Baltimore fans will hear less of Jim Palmer’s iconic voice this season.
The Mid-Atlantic Sports Network has reduced the number of Orioles games Palmer will broadcast this season, a source with direct knowledge of the situation told The Baltimore Sun. The source asked to remain anonymous because the network has not announced the change.
An Orioles spokesperson said that Palmer’s two-year deal with MASN was signed in January 2024.
Palmer is normally contracted to call about 81 games — half of the Orioles’ schedule — but MASN has drastically reduced that to 50 in 2025, the source said. It’s unclear why the network chose to diminish Palmer’s role in the booth this season.
Another source said that Palmer’s contract had him scheduled to do between 70 and 80 games in 2024 but he ended up calling 61. Palmer missed several games because of a bout with COVID-19.
“For 60+ years Jim has been the consummate professional and ultimate team player; always willing to support the organization and their needs,” Ric Bachrach, Palmer’s agent, said in a statement provided to The Sun on Thursday. “He embodies everything great about being an Oriole and to Jim, that’s a lifetime commitment. He loves broadcasting and looks forward to continuing as long as they’ll have him. He’s been in Baltimore since 1965 and considers it home.”
Palmer did not immediately respond to a request for comment Thursday.
Greg Bader, the new head of MASN, and Catie Griggs, the Orioles’ president of business operations, also did not respond to a request for comment. A spokesperson for owner David Rubenstein declined to comment.
The change to Palmer’s workload comes amid a rapidly shifting landscape at MASN.
This is Bader’s first season as MASN’s executive vice president and general manager. Bader, a longtime Orioles executive, was previously the ballclub’s chief operating officer, but he was shifted to head MASN this offseason after Rubenstein hired Griggs to lead the franchise’s business operations.
Bader, who got his start with the Orioles as an intern in 1994, reports to Griggs, who was hired in July and is the first woman to lead the organization’s business operations.

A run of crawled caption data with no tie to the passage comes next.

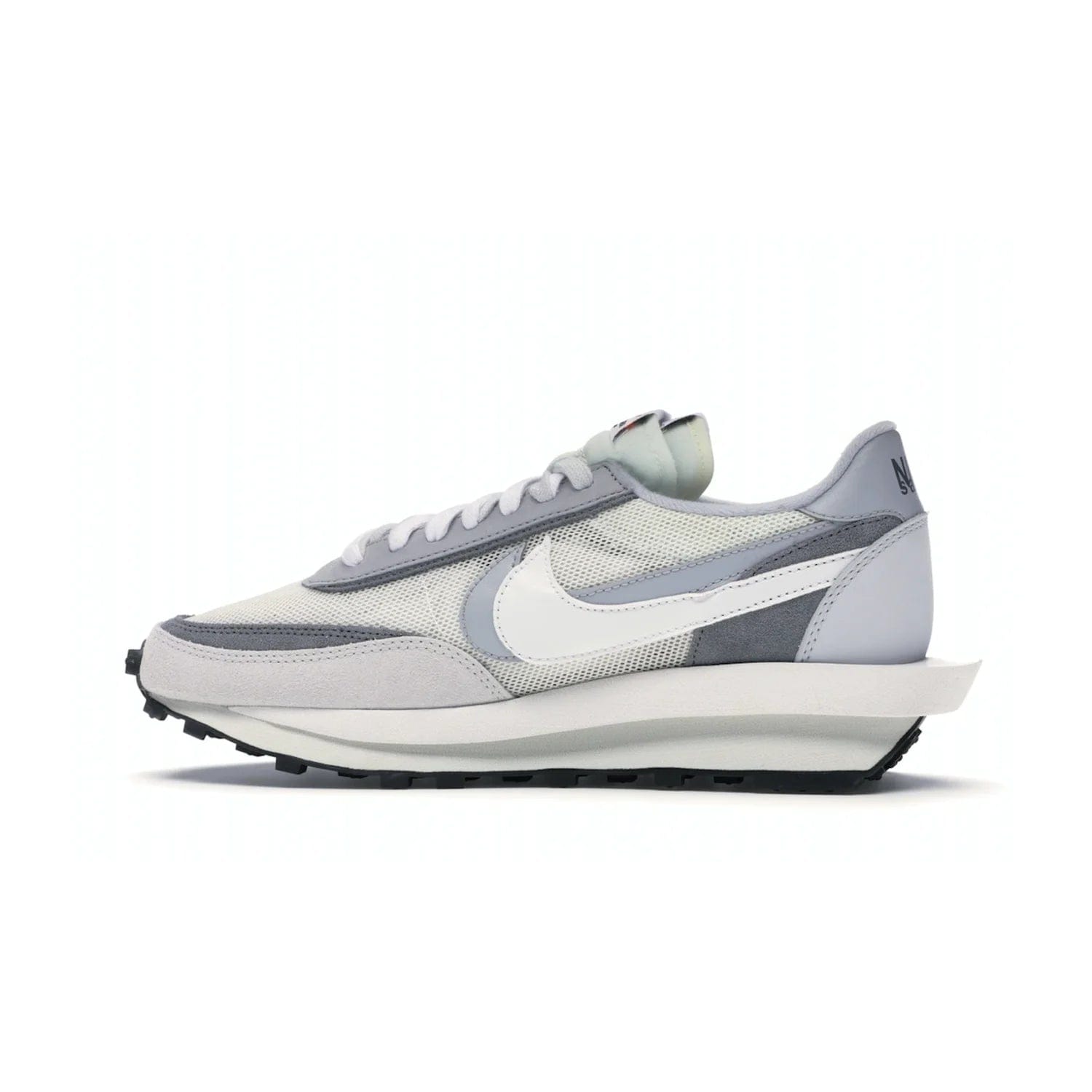 Nike LD Waffle sacai Summit White - Image 20 - Only at www.BallersClubKickz.com - Mesh fashion and comfort into your wardrobe with the Nike LD Waffle Sacai Summit White. Featuring a white upper, grey accents and overlapped white and grey Nike "Swoosh," these sneakers offer perfect balance of comfort and style. Perfect for office or a night out.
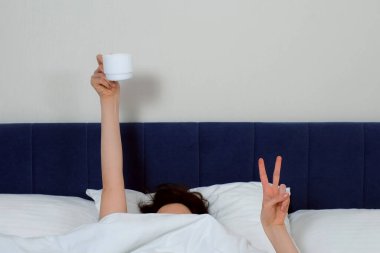Battaniyenin altında saklanan esmer kadın zafer işareti gösteriyor ve elinde bir fincan kahveyle yatakta yatıyor. Tatil, tembel sabah, dinlenme ve rahatlama konsepti. Uyanıp çayını içmeye çalışıyor..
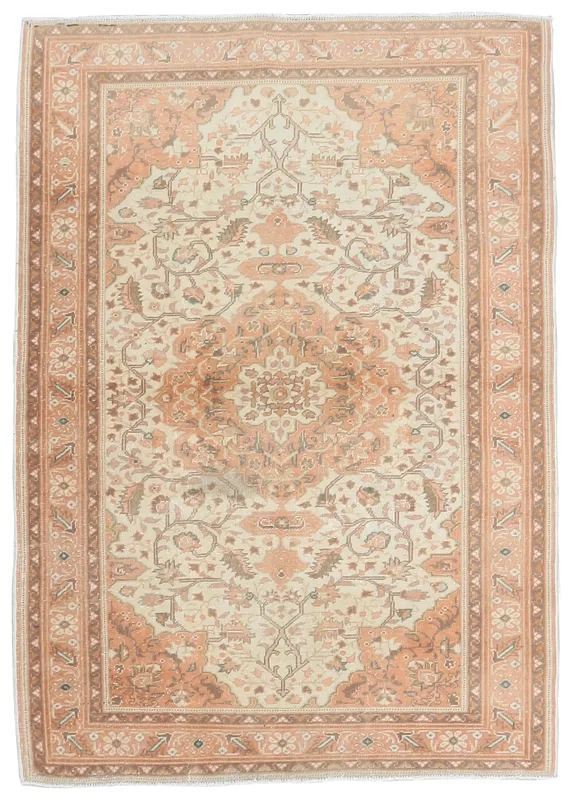 Full overhead view of the cream and rust vintage Anatolian area rug with a central medallion.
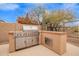 Outdoor kitchen features stainless steel grill, storage, and natural stone countertop at 8367 W Lariat Ln, Peoria, AZ 85383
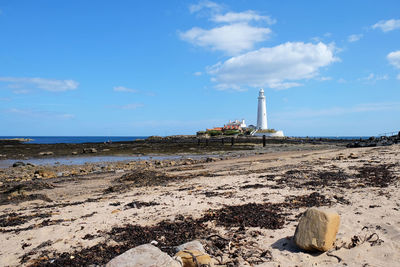 Lighthouse on beach against sky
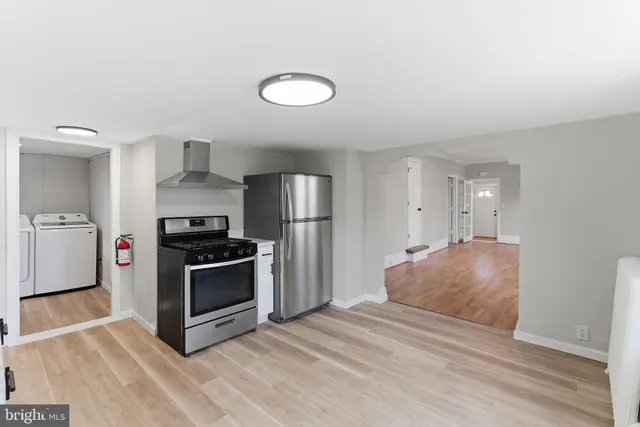 a kitchen with stainless steel appliances granite countertop a sink and a refrigerator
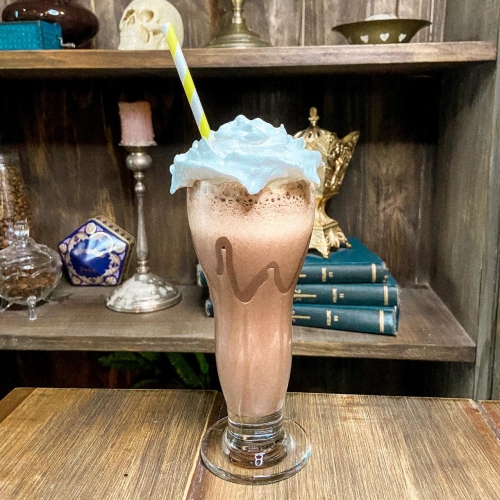 Um copo transparente decorado com chocolate, com uma bebida no estilo milkshake de cor marrom clara coberta por chantilly e com um canudo de papel listrado em branco e amarelo.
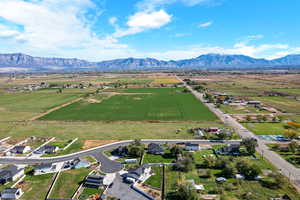 Overview of rural landscape with a mountain backdrop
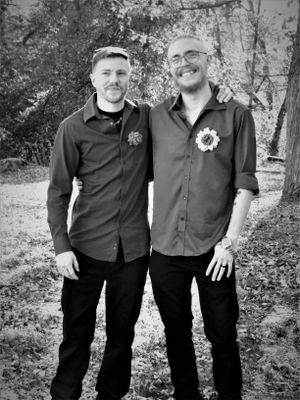 Groomsmen in black shirts pose together for formal photos in a wooded setting.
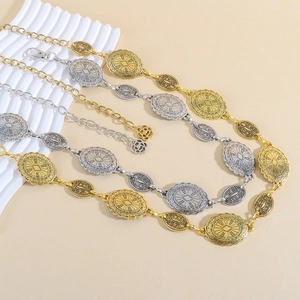 Detailed close-up of retro metal waist chains with embossed patterns in gold and silver
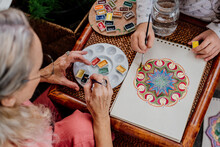 Little Kid Painting Mandalas With Her Grandmother At Bedroom 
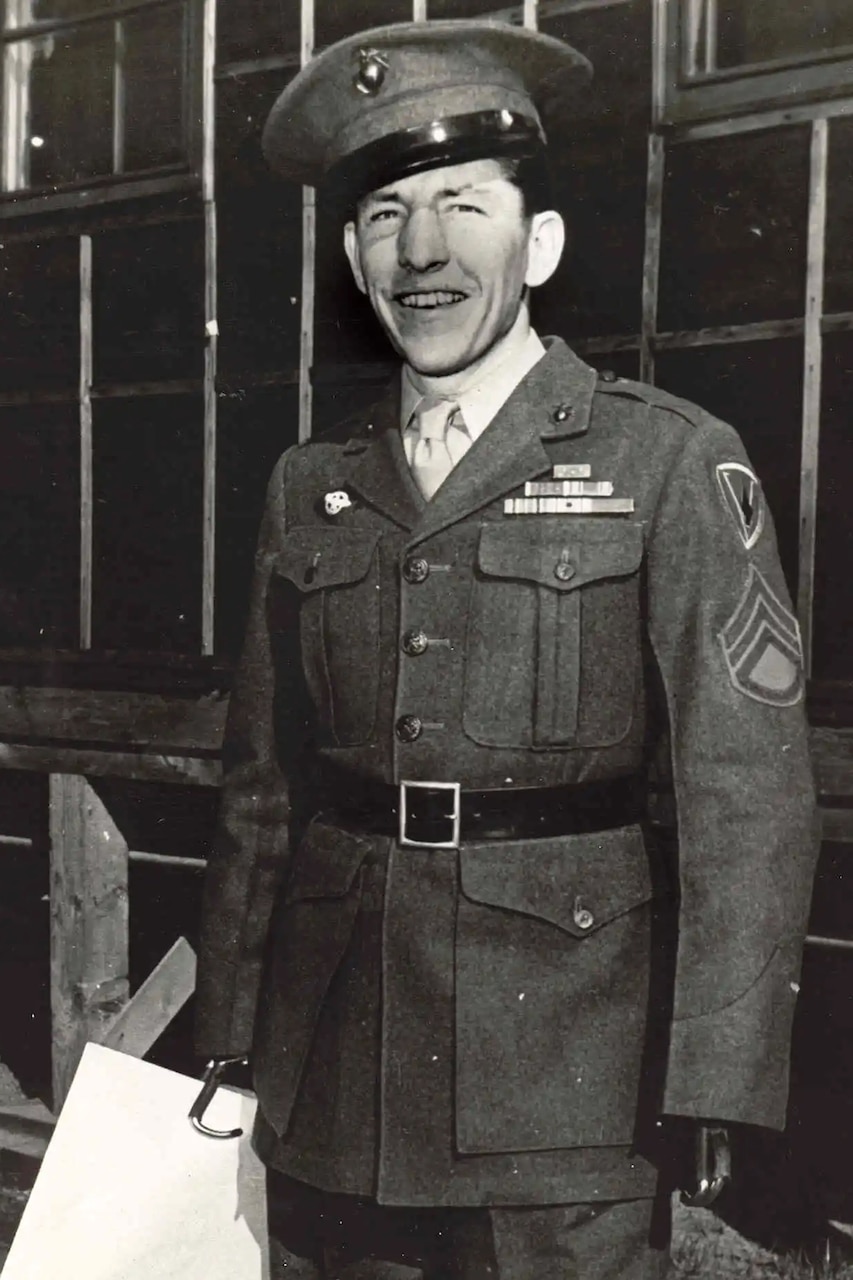 A person in a military uniform smiles for a photo.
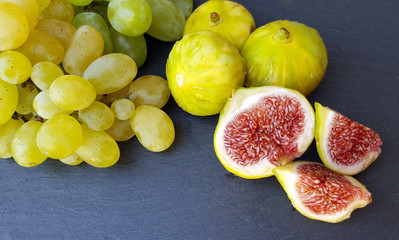 Group of fresh figs and green grapes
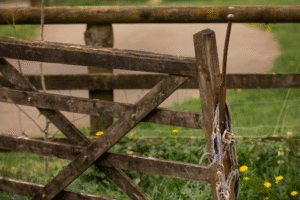 A broken and leaning wooden fence detracts from the exterior appeal of a home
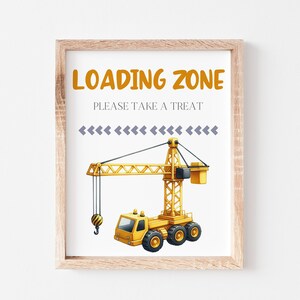 Może przedstawiać: Drukowany znak z żółtym żurawiem budowlanym i tekstem "Loading Zone Please Take A Treat" w kolorze pomarańczowym i szarym.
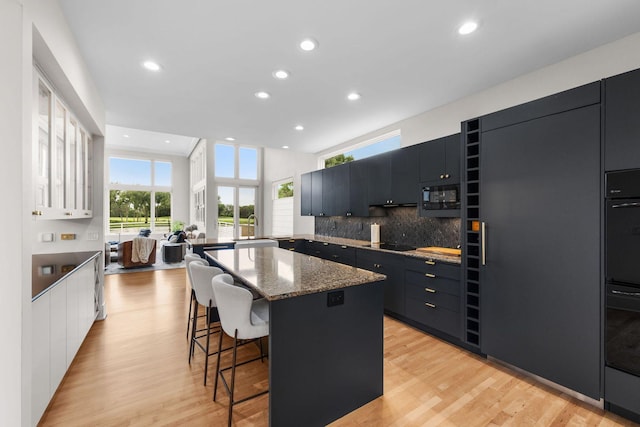 17680 Bearpath Trl, Eden Prairie, MN 55347 - kitchen featuring a breakfast bar area, modern cabinets, a center island, recessed lighting, and decorative backsplash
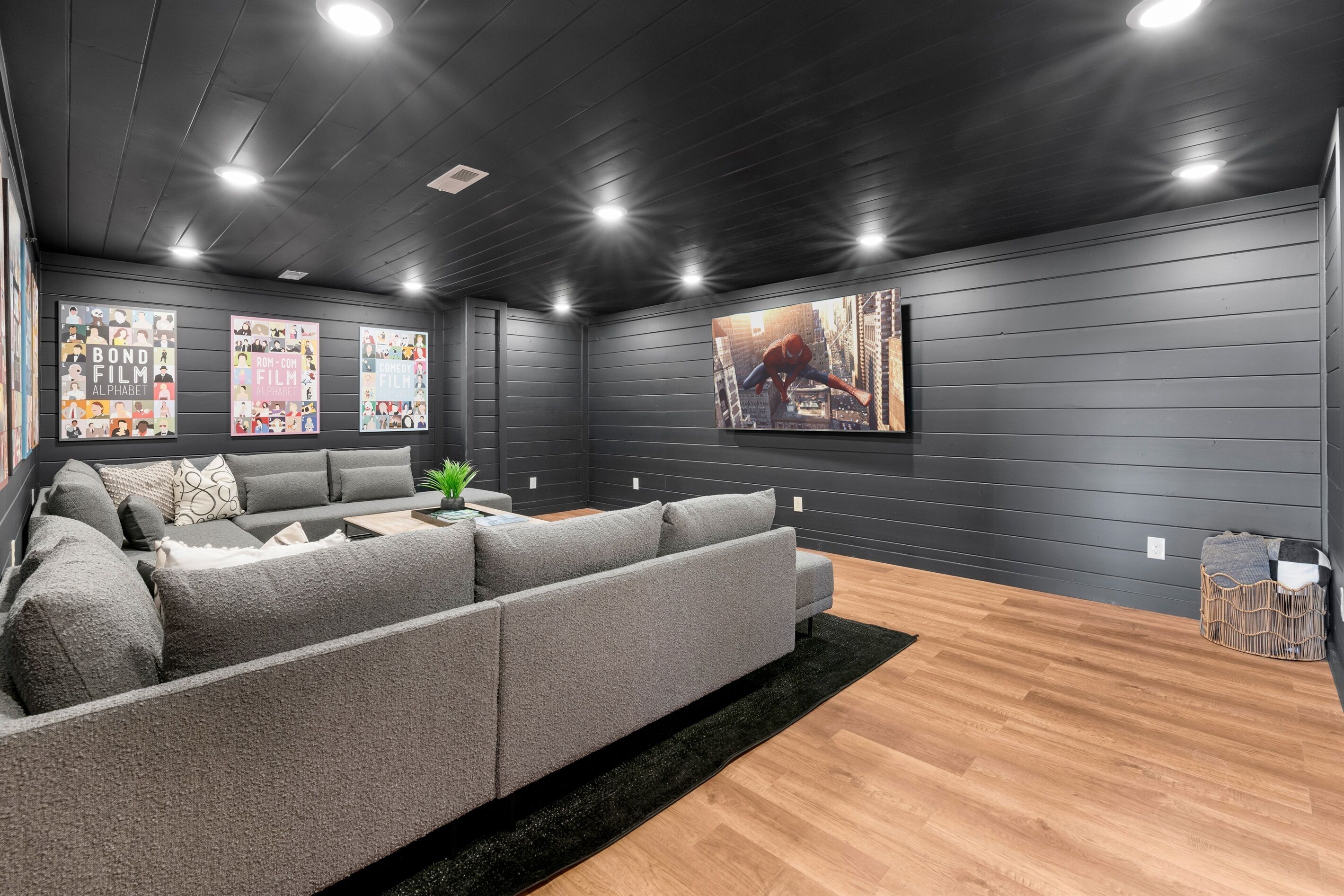 Een moderne woonkamer met een grijze modulaire bank, een zwart vloerkleed en een grote tv aan de muur.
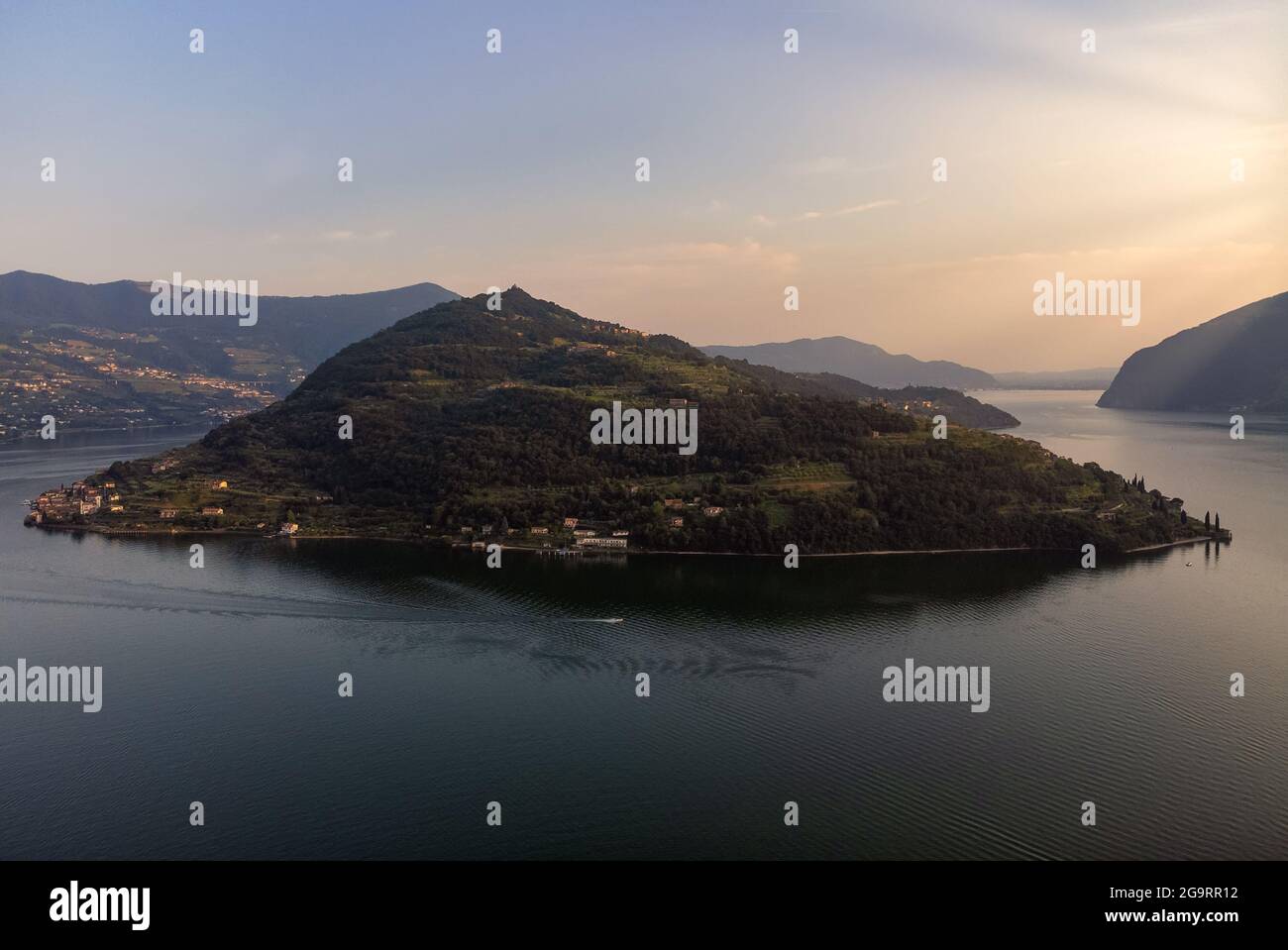 Aerial panoramic view of Lake Iseo and Monte Isola at sunset, Lombardy, Italy Stock Photo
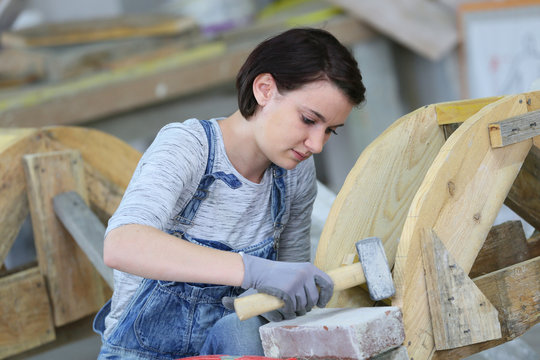 Young woman in masonry professional school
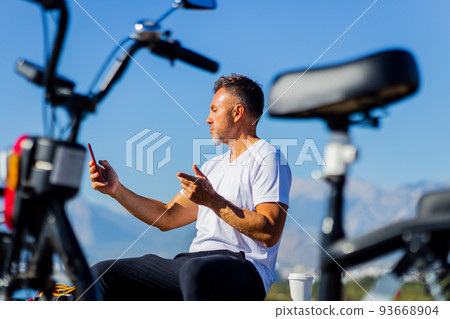 old man with gray beard sitting on the view poing with mountain and beach next to electro bike sunny day using smartphone old man with gray beard sitting on the view poing with mountain and beach next to electro bike sunny day using smartphone 93668904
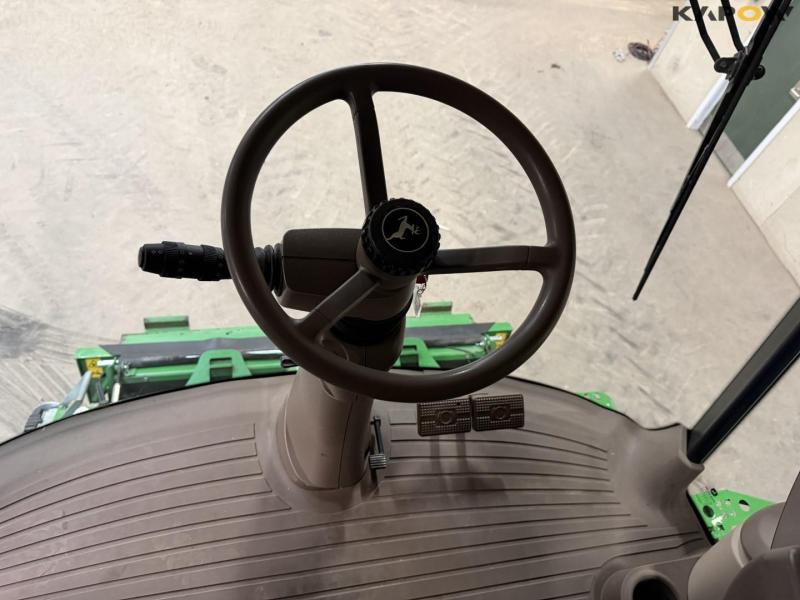 John Deere T660i combine with 30ft draper header 12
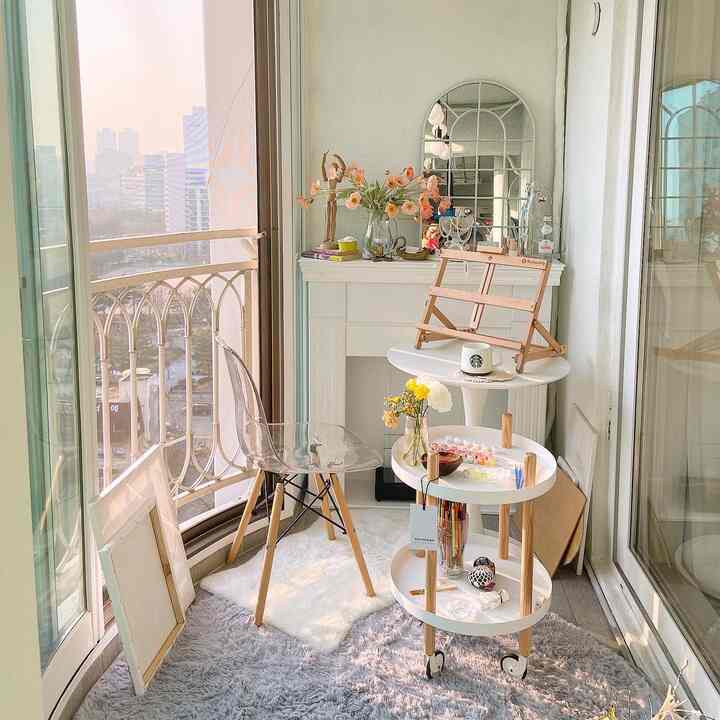 Bright veranda space featuring a transparent chair and white wood-tone furniture in a Mid-Century Modern styled workspace interior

In a news release this offseason, Griggs said that Bader has “an unparalleled level of expertise” that makes him qualified to lead the network. Former Orioles CEO and Chairman John Angelos, who is no longer with the organization after his family sold the team to Rubenstein for $1.725 billion, served as MASN’s president and COO before the sale in March 2024.
During an interview with lead play-by-play announcer Kevin Brown on MASN before the home opener, Rubenstein praised Griggs and the people she’s hired.
“We think our business side will be as good as our on-the-field performance,” Rubenstein said. “So that will really help the fans because we’ll be able to serve the fans a lot better with the business side being enhanced.”
But the leadership shift at MASN wasn’t the biggest change this winter.
After years of discord between the Orioles and the neighboring Washington Nationals, the two ballclubs resolved “all issues related” to the MASN dispute, Major League Baseball announced in early March. The 2025 campaign will be the final one for Nationals games on MASN. The Nationals will be allowed to choose how their games are broadcast beginning in 2026. The financial terms of the settlement were not announced, but all disputes and litigation were dismissed.
The 2025 season is Palmer’s 62nd with the Orioles since joining the organization as a 17-year-old.
From his time as a Hall of Fame pitcher to a fan favorite broadcaster, Palmer has been the constant throughout the Orioles’ ups and downs, winning three World Series titles as a player and then candidly calling decades of mostly losing baseball as a color commentator.
Palmer, 79, has been in the Orioles’ booth since shortly after he retired in 1984, spanning generations of stars from Cal Ripken Jr. to Mike Mussina and Adam Jones to Adley Rutschman.
When Rubenstein was on the broadcast on opening day in 2024, Brown asked him which players made him fall in love with baseball. Rubenstein, a Baltimore native answered, “Brooks Robinson, Jim Palmer and Frank Robinson,” among others.
Palmer has been in the booth for only three of the Orioles’ first 13 games this season. With MASN reducing the number of games Palmer is broadcasting, that means more work for the other analysts at the network. Ben McDonald, the former Orioles pitcher and No. 1 overall draft pick, is MASN’s other lead color commentator, while former Orioles second baseman Brian Roberts and ex-Baltimore pitcher Dave Johnson are also analysts for the network.